Fidelity-Philadelphia Trust Co. v. Rothensies

JONES, Circuit Judge

(concurring).

I concur in the affirmance of the judgment of the District Court for the following reason.

Where a settlor makes an inter vivos transfer of property with remainders over to a class none of whom is in being at the time of the transfer and provides that, upon ultimate failure of the class, the property shall pass as the settlor may by will appoint, it is at least as reasonable to infer that the property will ultimately pass according to the settlor’s appointment as it is to infer that it will pass by virtue of the transfer to then nonexistent remaindermen.
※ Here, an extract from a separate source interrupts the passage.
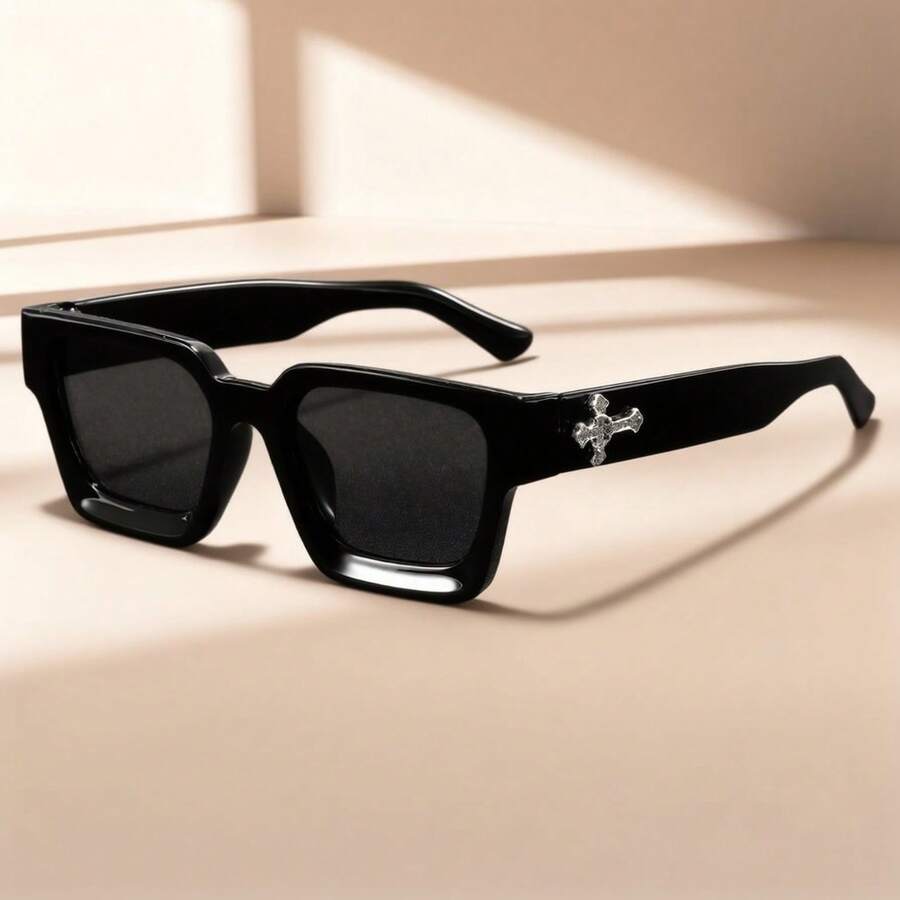 1 Pair Unisex Square Frame Decor Glasses, Classic Versatile Daily Wear Fashion Eyewear, Gift For Friends - قطعة واحدة - إطار أسود مع غشاء رمادي - مشاهدة 1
In such circumstances, I fail to see how- the taxpayer can be thought to have overcome the presumptive correctness of the Commissioner’s determination that the transfer, when made, included a gift of the corpus in remainder to take effect in possession or enjoyment at or after the transferor’s death by virtue of his appointment.

That rules the instant case. The facts here show that the settlor made an inter vivos transfer of property, reserving to herself a life estate (the transfer antedated the Joint Resolution of 1931), with succeeding life estates in her two minor and unmarried daughters and remainders over in the corpus to the descendants of the daughters or either of them with the further provision that, in the event of the death of both daughters without leaving surviving descendants, the corpus should be paid to such persons as the settlor should by will appoint.